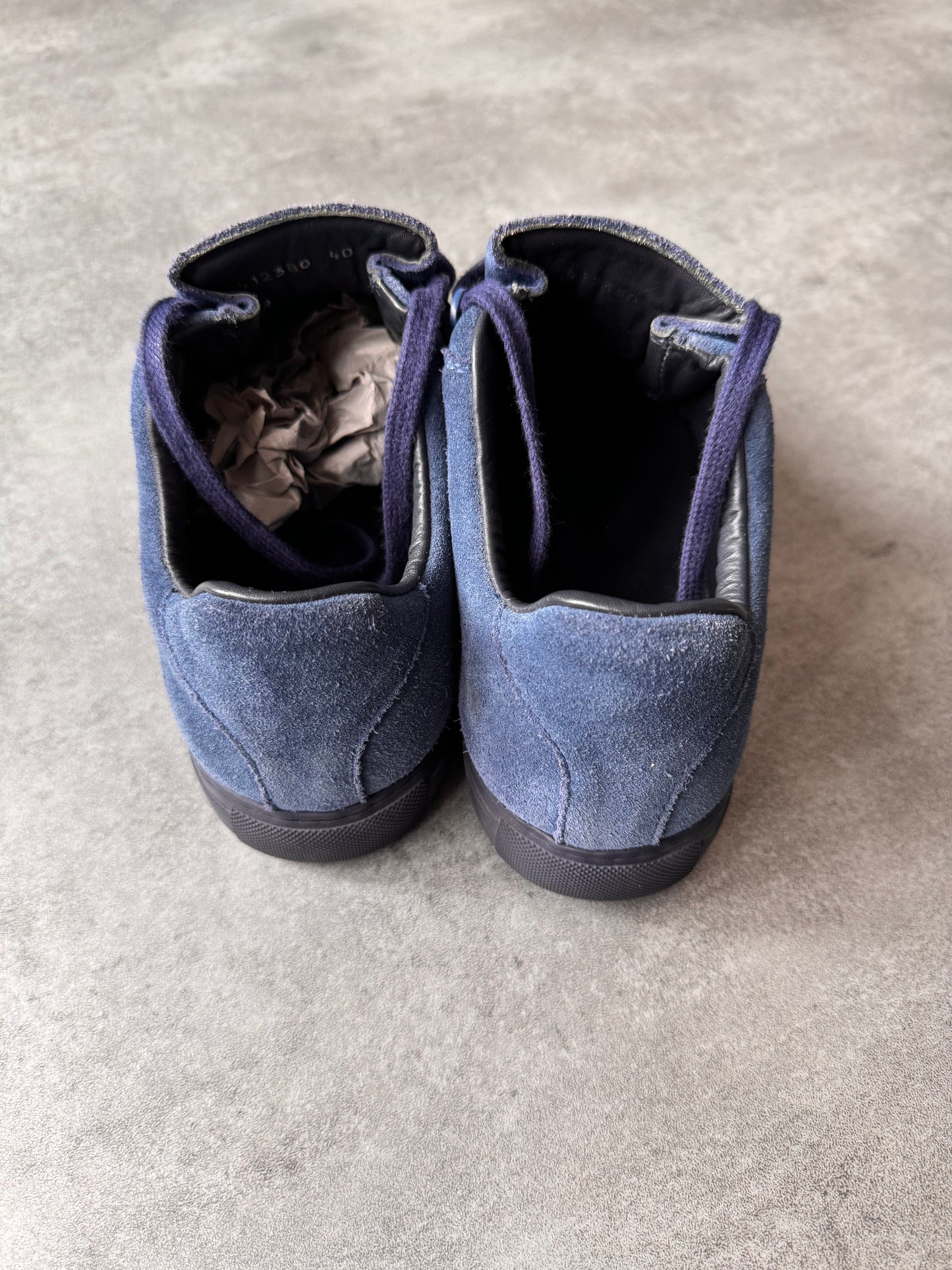 Balenciaga Arena Low Blue Suede Leather Sneakers (41eu/us8)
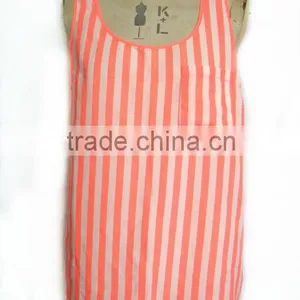 Sleeveless Neon Printing Chiffon Ladies Tank Top thumbnail-1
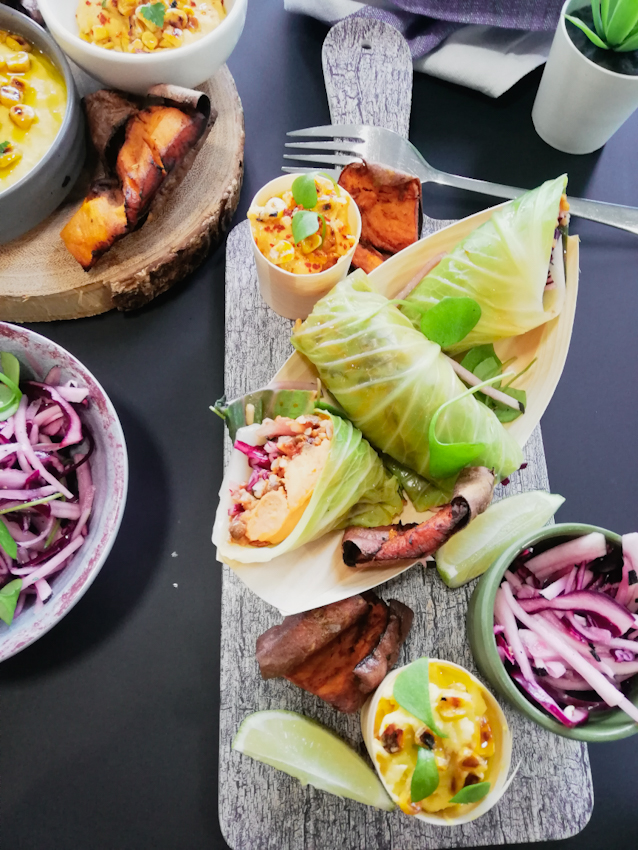 food photography Cabburitto" January King cabbage, spiced quinoa, rice, lentils & pickled red cabbage, black radish and shallots sweetcorn and harissa dressing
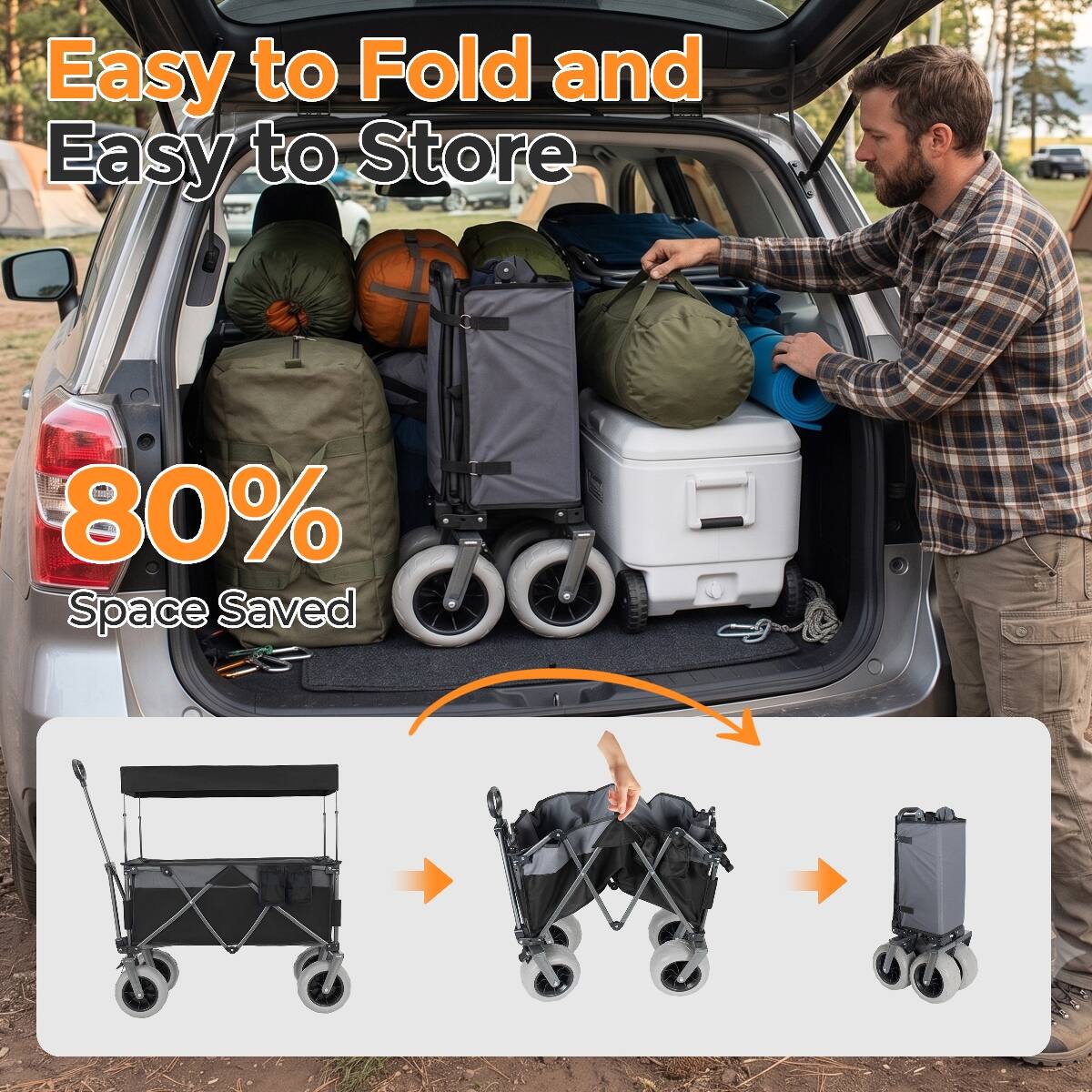 Easy to Fold and Easy to Store  
80% Space Saved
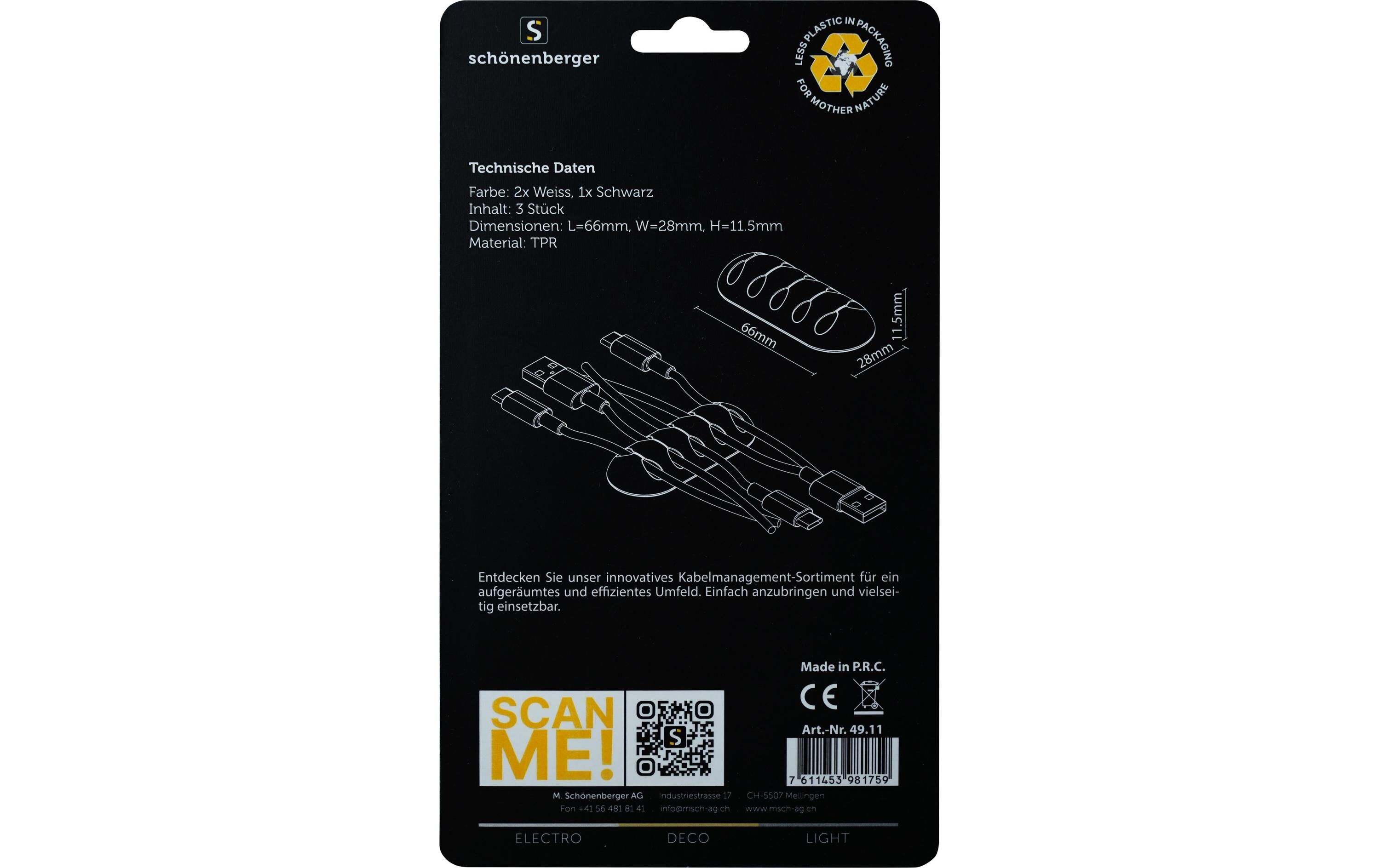 Schönenberger CableClip Kabelhalterungen, 66 mm, Weiss / Schwarz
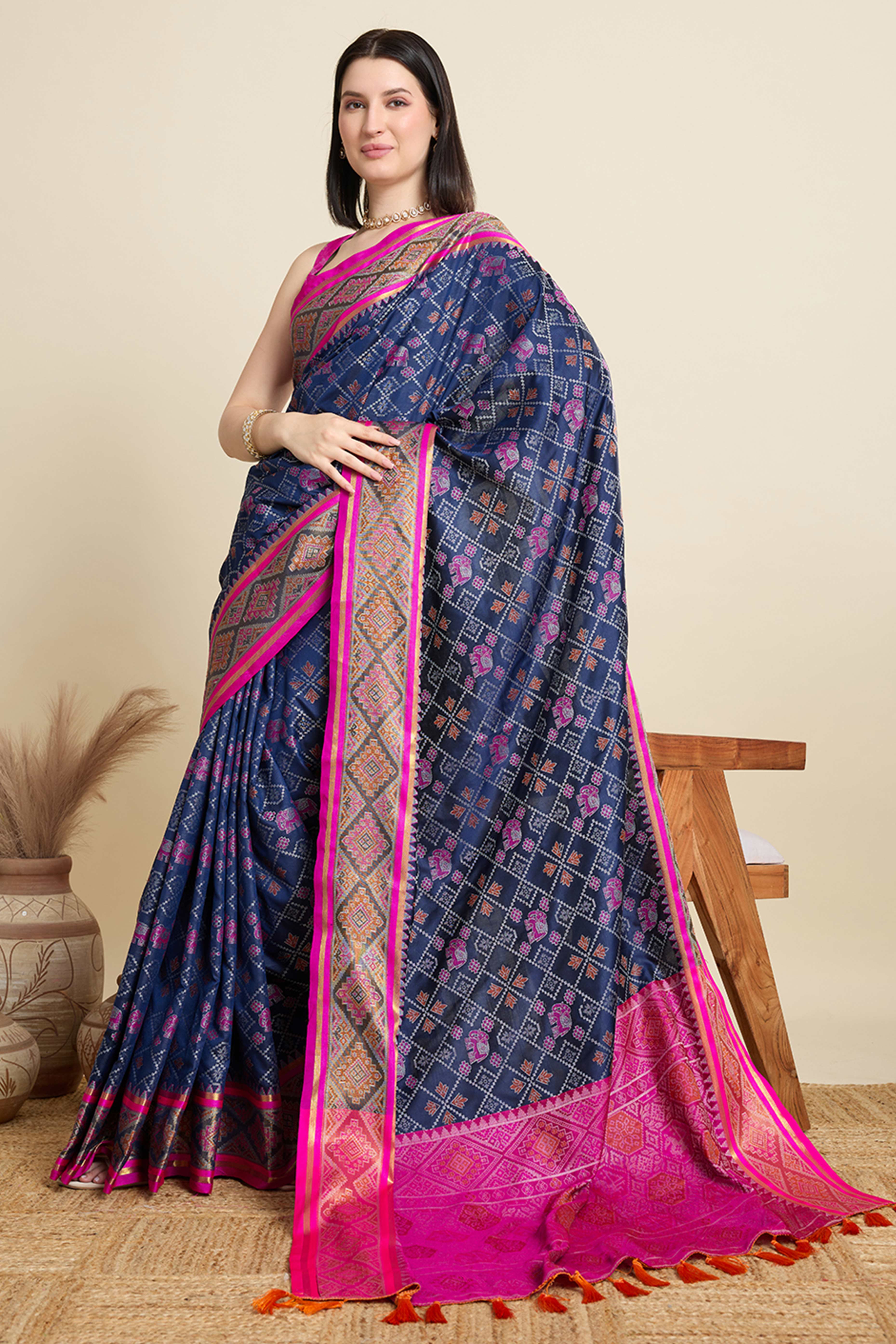 Royal Blue Silk Blend Saree Featuring Patola Prints and a Detailed Weaving Border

****

ABOUT THIS EXERCISE:
Word for word, repeat all of the entries above, leaving out the pictures.

ANSWER TO THIS TASK:
 Balenciaga Arena Low Blue Suede Leather Sneakers (41eu/us8)
 Sleeveless Neon Printing Chiffon Ladies Tank Top thumbnail-1
 food photography Cabburitto" January King cabbage, spiced quinoa, rice, lentils & pickled red cabbage, black radish and shallots sweetcorn and harissa dressing
 Easy to Fold and Easy to Store  
80% Space Saved
 Schönenberger CableClip Kabelhalterungen, 66 mm, Weiss / Schwarz
 Royal Blue Silk Blend Saree Featuring Patola Prints and a Detailed Weaving Border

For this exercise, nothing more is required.